Mamata Banerjee, whose government had conducted several raids in Jungle Mahal and seized arms and ammunition immediately after coming to power in 2011, blamed the Left Front for piling arms.
West Midnapore police chief Sunil Chowdhury said: “We have recovered 70 single-barrel improvised guns from Enayetpur. We are conducting a search in the neighbourhood to find out if there are more. We are probing how the guns were buried in the village.”
Another police officer said the guns appeared to have been buried a long time ago as they had become rusty.
The arms were found about 300 metres from the now-deserted CPM office in Enayetpur, the site of an encounter between Maoists and CPM cadres in September 2009.
The cadres had fortified the party office, where armed CPM men were camping for days, with sandbags.

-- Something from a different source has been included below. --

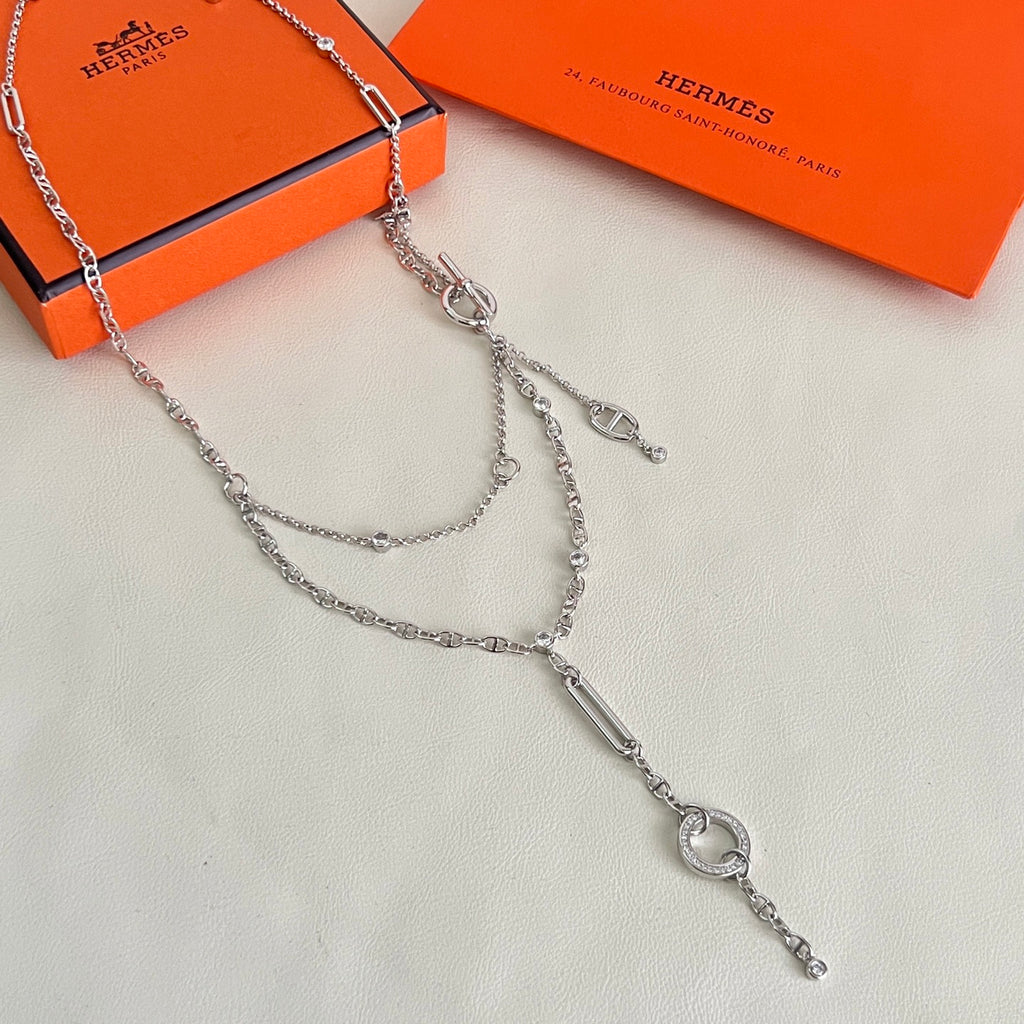 Horse Pendant Necklace in Polished Metal-Tone – Design 019 side detail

The encounter, which took place in the building and the forest nearby, had claimed the lives of 10 CPM cadres, according to slain Maoist leader Kishan.
Tapan Jana, a resident of Enayetpur that is now a Trinamul stronghold, said that 10 last night, villagers woke up to the sound of barking dogs.
“We saw some people looking for something with the help of torchlights. When we confronted them, they ran towards the forest bordering our village. We chased them but could not catch them. We informed the police this morning,” said Jana, a farmer.
Around seven this morning, 100 joint forces personnel, accompanied by two sniffer dogs, cordoned off Enayetpur and launched a search.
Addressing a meeting at Chalsa in Jalpaiguri today, Mamata described burying of arms as “Left Front’s legacy”.
“I keep saying, the Left Front’s legacy after 34 years can be summed up in a sentence — mati khurlei khuli, jama khullei bukey guli (dig the earth and you will find skulls, take off a shirt and you will find a bullet mark on the chest),” the chief minister said.
CPM West Midnapore secretariat member Satyen Maity said: “There is no question of CPM cadres visiting the village at night. We don’t know who kept the guns there.”